Speaking while receiving the 34,000 tonnes of fertiliser, a donation from the Russian fertiliser producer Uralchem-Uralkali Group, the CS said the government does not intend to import any more fertiliser since the planting season is over.
“Hundreds of farmers drawn from 34 counties through outlets owned by the Kenya National Trading Corporation and the National Cereals and Produce Board have benefited from subsidised fertiliser. The programme has been flawlessly executed through the issuance of e-vouchers and other technologies to ensure that there is traceability and accountability,” said Mr Linturi.
He added: “The government is working to ensure that in future, the 13 counties that did not benefit from the subsidies are brought on board.”
Part of the fertiliser will be granulated, bagged and sold to farmers under the subsidy programme.
“The 34,000 tonnes received today will be blended to form potash, urea and NPK fertilisers which will add to a total of 100,200 tons of reformulated fertiliser. We intended to sell the farm input at a reduced price of Sh3,500 per 50-kilogramme bag,” said Mr Linturi.
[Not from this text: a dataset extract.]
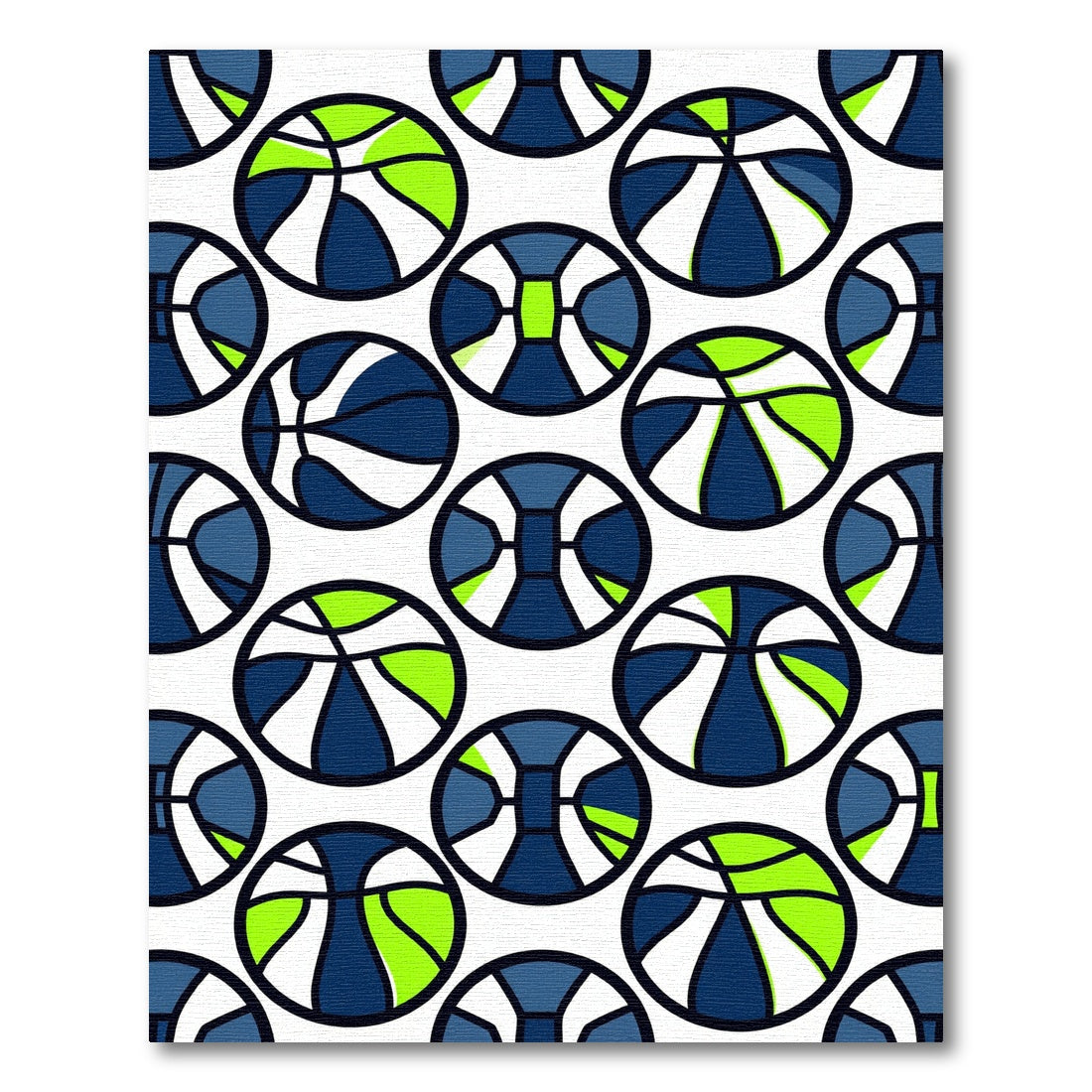 Modern Blue and Lime Geometric Basketball Rug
Russian Ambassador to Kenya Dmitry Maksimychev said the support in the agricultural value chain is expected to create wealth and employment and thus lead to reduced cost of living.
“Russia is proud to contribute to this consignment of fertilisers, which are crucial for global agriculture. Russia believes that healthy nutrition is an integral part of a human right to life. Unfortunately, the small farmers of the developing world take the heaviest toll during this turbulent era and we are proud to reach those in need and alleviate their risks of hunger,” he said.
Mr Dmitry said Uralchem-Uralkali Group is committed to donating a total of approximately 300,000 tonnes of mineral fertilisers to developing countries to prevent crop loss and famine amid global economic and food crises.